The Trouble with Windfall Assets

So if assets are so great why is it that people who suddenly get lucky and are handed substantial assets such as a lottery win seem to end up miserable and penniless again in a very short time?

The problem for these people is that they fail to grasp or even get advice on the first two points above…the difference between an asset and a liability. Therefore they spend a great deal of their windfall on liabilities such as fancy holidays, cars and other luxuries. The cache of cash (the Capital) they had dwindles as these liabilities have to be paid for every month. These purchases are also for things that lose value overnight; a new car drops its value like a hot potato as soon as it is driven off the garage forecourt, because a great deal of its initial cost was tied up in profit for the dealer and the manufacturer and not a true representation of its material value. In this way, the second owner gets a better deal always. The rich never buy cars, by the way!

How to Spend

All of this means that a big part of financial self education should be to learn how to spend, because as you will have seen, rich people don’t seem to skimp on the luxuries. The main difference is that they spend pre-tax money that has already been generated by an asset i.e. profits. They never spend down the capital.

How to spend
The wealthy buy luxuries (liabilities) out of profits before tax. The Capital reserve grows and is never tapped into for spending on non money making items and the tax bill is minimised

The Myth of Ownership

When you grow up with nothing much to speak of, when your parents are frequently overheard worrying about money and there’s never anything leftover for holidays or Christmas presents, the lack of a feeling of security is palpable. Due to this, it is common for peasants like us to feel like we need to own stuff when we reach adulthood and to strive to never be in those same situations with our own kids.

This leads a lot of peasants down the garden path to debt and deeper and deeper insecurity, driven by the myth of ownership.
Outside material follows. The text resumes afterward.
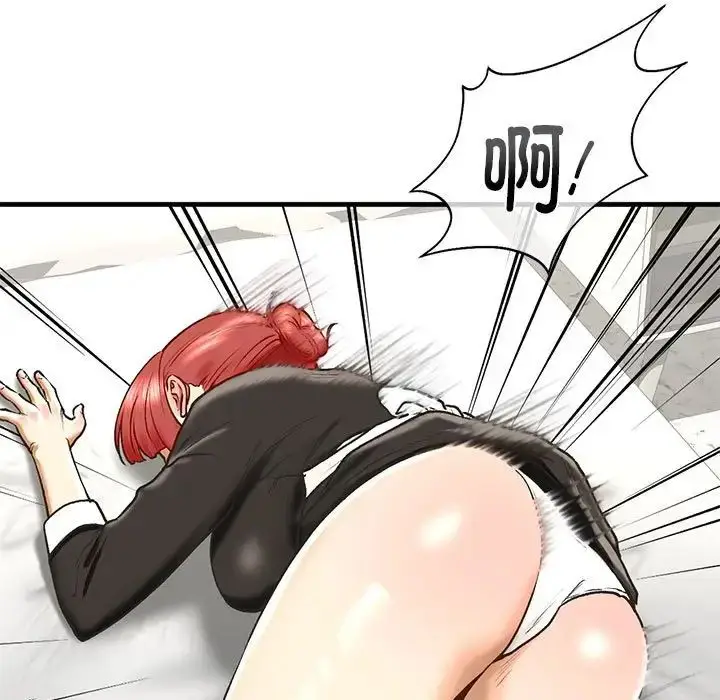 漫画《我的继姐》第29话第101张图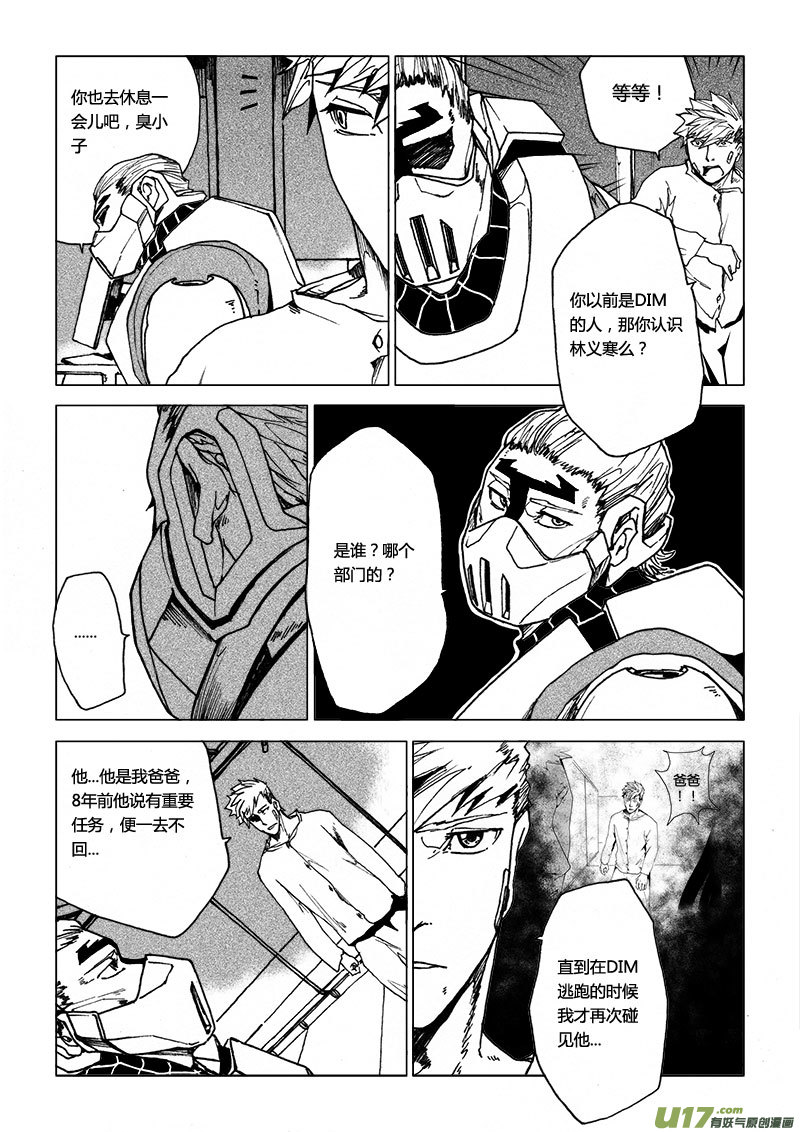 PSALM.9 末世黎明-第9话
But what do I mean by that? Forgive me for being so blunt…see that Range Rover the rich guy just turned up in? He doesn’t own it and what’s more, he doesn’t even have any desire to own it, because it is a tax deductible business expense that he pays a lease for every month from pre-tax profits, but still a liability. To own a luxury car like that, he’d need to dig deep into his Capital reserves and as soon as he drove it home, it would be worth 20% less than he paid for it. So in effect his company rents it for him to use and the money used to pay for it and run it and put fuel in it, is all tax deductible. In other words the money is never taxed!….think about that for a moment.

Next, see that 5 year old Ford your neighbour just drove up in?…he only thinks he owns it, because he pays a monthly car payment for it. By the time he’s paid it up, it will be knackered and he’ll need a new one…he never owns a car either and the payment comes from wages that have already been taxed!

This is the Ownership Myth in action and it applies not only to cars, but also houses, boats, buildings, clothes, fishing tackle and books too…Let me be even blunter here:

Ownership of anything is a Myth…we are all going to die very soon and you know the old saying about taking it with you!

As peasants, if we can get over the Myth of Ownership we can start to make real progress towards a life of freedom.

The poor buy liabilities like Mortgages, cars and holidays from after tax wages. They typically have no Capital reserves and in many cases are only financially solvent if the next pay cheque turns up on time as promised…one day it won’t!

Financial Education

So the most important thing in gaining freedom while still living in the real world, as opposed to foraging in the woods, is to educate yourself about money and how it really works. I’ve pointed to some resources you can use for this purpose at the end of this post and I highly recommend you get hold of them and start reading.

You and Money

Keep in mind that the rich and the poor have a fundamentally different relationship with money. It’s nothing to do with being clever, just about knowing one simple rule:

The poor work for money, while money works for the rich.